Response 5: We agree that, in the absence of explicit climatic analyses, statements regarding extreme winters must be presented cautiously and without causal inference. In response, we have substantially moderated the climate-related text in the Discussion. First, we added a clear caveat at the start of the relevant paragraph:
“Because no microclimate or regional climatic indices were incorporated into our analyses, any link between cold anomalies and mortality remains hypothetical.” Second, we revised the concluding sentence of that section to avoid implying a demonstrated causal relationship. The previous phrasing, “Extreme winter conditions are a likely driver…”, has been replaced with: “Extreme winter conditions may contribute to mortality events, but this cannot be confirmed with the available data.” Third, we removed language that suggested a specific explanatory role for the winter of 2012 in the absence of supporting evidence, and we now frame it solely as an example of a year with both severe conditions and observed mortality, without attributing causation. These revisions ensure that all climate-related interpretation is appropriately tentative and consistent with the descriptive scope of the dataset.

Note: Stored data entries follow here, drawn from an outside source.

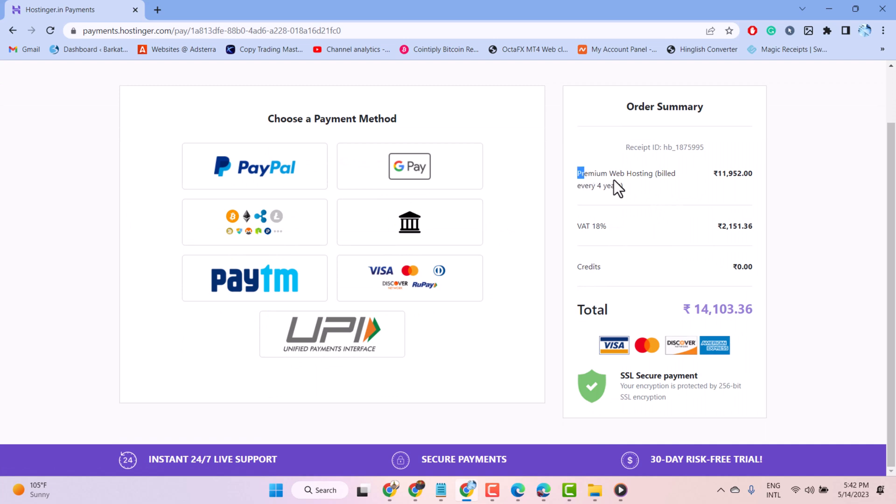It's about a four year renew. And it depends on your previous order — like if you had a plan for one year, and once you renew, it will renew for one year.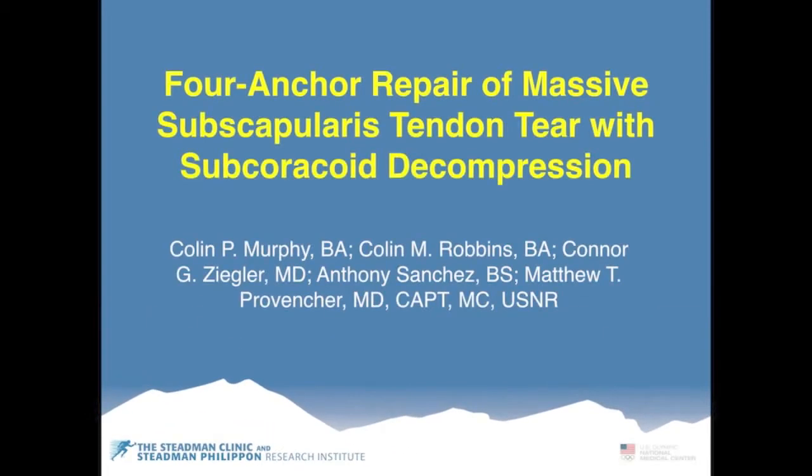Today we will be describing a 4-anchor repair of a massive subscapularis tendon tear with subcoracoid decompression.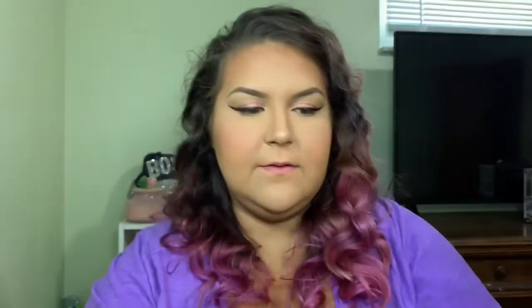I'm going to apply my wing and then I'll be back to try out that Tarte mascara. I'm sorry because these are some bold wings — who is she? I don't even know, I don't know what I did or why, but I did it. So I'm going to try the Big Ego mascara. Look at that packaging — oh, that's real pretty.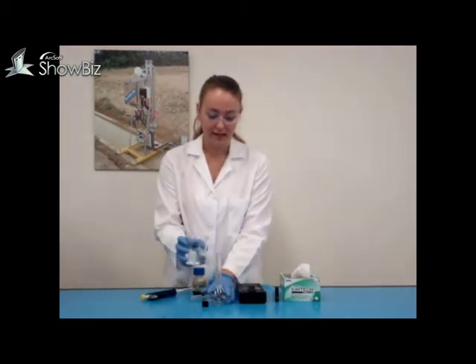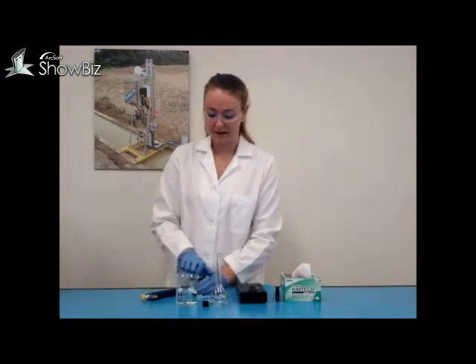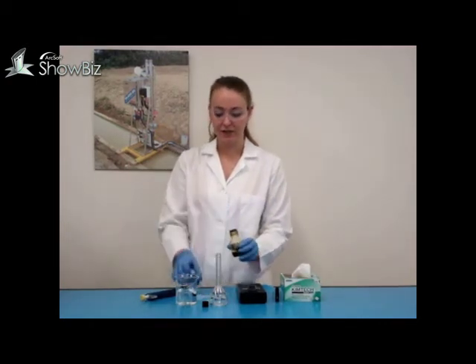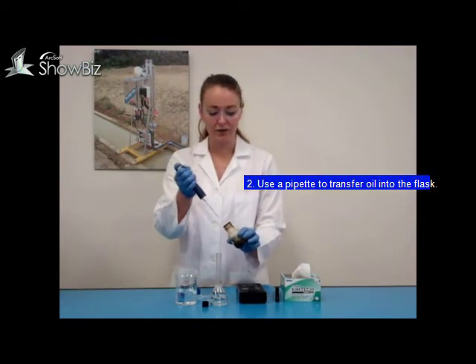Place a small amount of hexane into the volumetric glass and then transfer your oil into the glass. In this case, it is 100 microliters of oil.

Comment 6: The Parnicite age-structure case study has been significantly reworked and many of my concrete suggestions have been taken on board. Nevertheless, the main text does not spell out the proportional mortality relative to the estimated colony size, even though both numbers are given, leaving readers to infer the very small absolute fraction of the colony represented by the 34 aged carcasses. In addition, while the Discussion now contains an excellent description of the uncertainties inherent in dentine and cementum ageing and introduces epigenetic clocks as a promising alternative, this cautionary material follows, rather than precedes, a paragraph that states that the age structure of Parnicite, together with external studies, collectively supports early-life mortality as a critical demographic filter in long-lived bats . In other words, the strong demographic conclusion is still presented before the methodological caveats have been fully explained.

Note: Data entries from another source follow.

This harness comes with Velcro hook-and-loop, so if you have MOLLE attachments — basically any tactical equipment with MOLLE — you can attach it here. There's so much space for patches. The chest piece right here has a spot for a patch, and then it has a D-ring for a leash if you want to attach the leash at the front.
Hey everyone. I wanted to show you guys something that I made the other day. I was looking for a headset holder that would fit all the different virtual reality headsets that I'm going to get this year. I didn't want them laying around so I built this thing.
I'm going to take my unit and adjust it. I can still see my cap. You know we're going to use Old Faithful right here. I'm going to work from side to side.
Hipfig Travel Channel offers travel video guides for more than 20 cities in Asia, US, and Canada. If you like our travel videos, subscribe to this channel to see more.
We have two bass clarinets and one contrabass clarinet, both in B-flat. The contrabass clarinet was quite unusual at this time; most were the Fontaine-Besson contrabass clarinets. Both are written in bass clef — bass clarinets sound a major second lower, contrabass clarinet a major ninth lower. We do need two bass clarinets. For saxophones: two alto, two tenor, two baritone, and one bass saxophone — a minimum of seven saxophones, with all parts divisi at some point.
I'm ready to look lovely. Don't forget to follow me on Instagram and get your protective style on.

Response 6: We thank the reviewer for these valuable observations. We have revised the manuscript to address both the proportional-mortality clarification and the ordering of the Discussion paragraphs. First, we now explicitly state the proportion that the 34 carcasses represent relative to the estimated colony size. Immediately after reporting the number of analysed carcasses, we added: “The 40 carcasses represent approximately 0.07% of the estimated colony size.” This ensures that readers do not need to infer the proportion and can more clearly contextualise the demographic sample. Second, in the Discussion we have reordered the relevant paragraphs so that the methodological caveats surrounding dentine-ring ageing precede any demographic interpretation. This restructuring ensures that uncertainties in ageing methods are fully presented before the biological conclusions that follow from the age-structure data. To reinforce this flow, we also added the transition phrase:
“With these methodological uncertainties in mind…”
at the start of the interpretative paragraph.
Together, these revisions improve the clarity, transparency, and logical structure of the age-structure section in line with the reviewer’s recommendations.